Sunday, June 27, 2010

Market Scenes: Focusing on Wellness and Thanking Sen. Hagan

Saturday marked the official start of the market's ability to offer those who receive Food & Nutrition Services benefits the opportunity to shop for local, healthy foods with their EBT cards. WWFM is the ONLY farmers' market in Wake County currently accepting EBT, debit and credit cards through the 21st Century Farmers Market Program!

We celebrated the start of this program with Nutrition & Wellness Day, featuring wellness screenings from WakeMed, plenty of nutrition and health education from Wake County Human Services, and Linda Watson of Cook for Good. We thank all of them for braving the heat to share their expertise with market shoppers!

EBT shoppers can take advantage of our Market Match incentive program while funding lasts--they can get $10 worth of free food when they swipe their EBT cards for up to $10. So $20 of local food for just $10! We thank the John Rex Endowment for its generosity in making this match possible and invite care-givers and service-providers in the community to help us spread the word about the program and the Market Match.

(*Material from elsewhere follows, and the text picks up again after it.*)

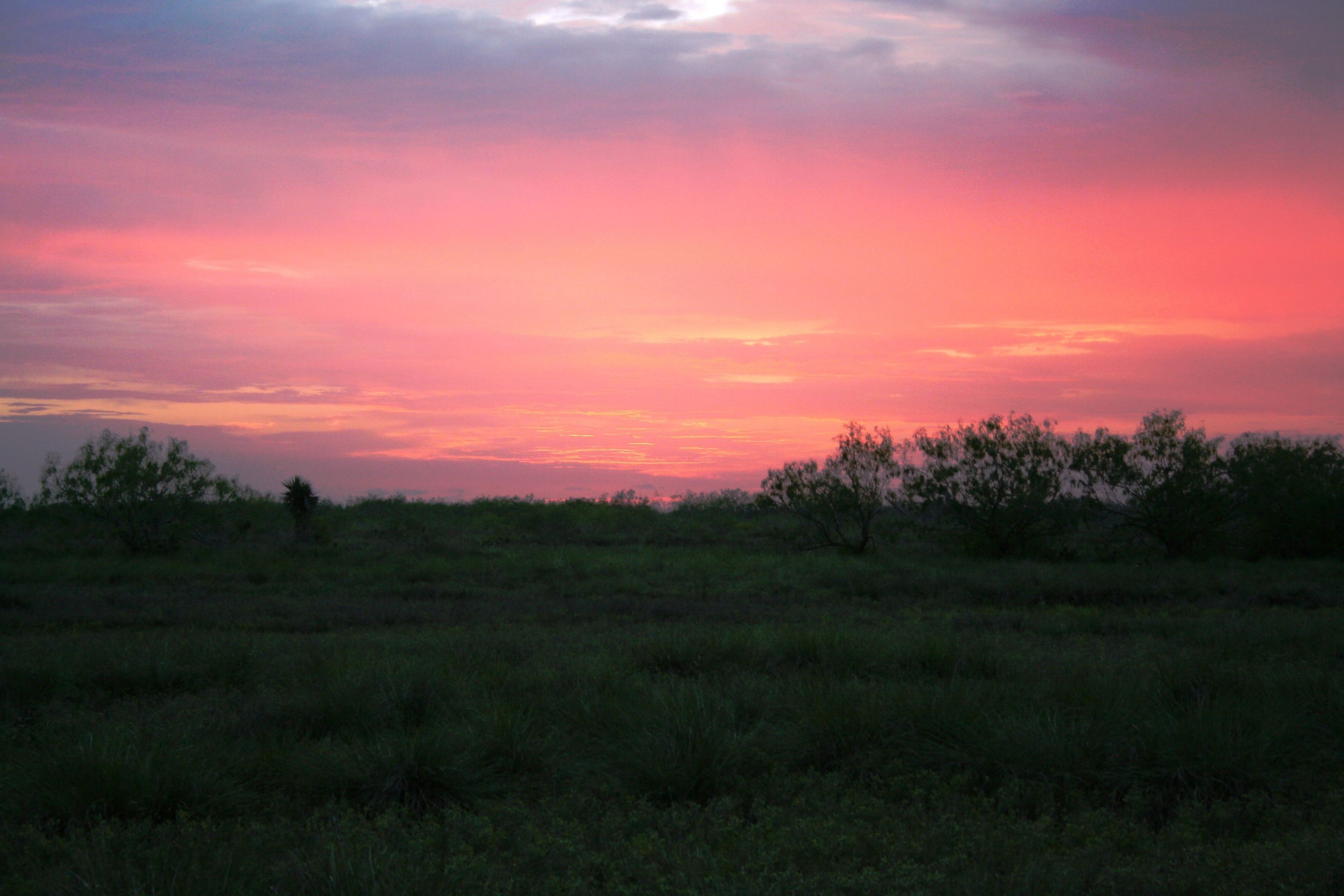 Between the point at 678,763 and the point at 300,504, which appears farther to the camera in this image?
the point at 300,504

From DC to NC: Sen. Hagan Supports Local Farmers

WWFM President Juliann Zoetmulder also shared letters thanking Sen. Kay Hagan for her co-sponsorship of amendments to food safety legislation that would help protect local farmers. Lee Slade, a representative of Hagan’s Raleigh office, accepted the letters signed by more than 400 shoppers and vendors at WWFM and other area markets, toured the farmers’ market and visited with several of the farmers there to learn first-hand why amendments to S. 510, the Food Safety Modernization Act, are so vital to North Carolina. The amendments seek to protect small farmers from being treated the same as large, industrial farming operations. In the photo are Zoetmulder, Slade (center) and Kevin Gordon, a market volunteer who coordinated the signatures and Slade's visit to the market.

Protecting such farmers is also key to keeping thriving farmers’ markets across the state open, as they meet a growing demand among consumers for access to local, healthy foods from farmers they know and trust.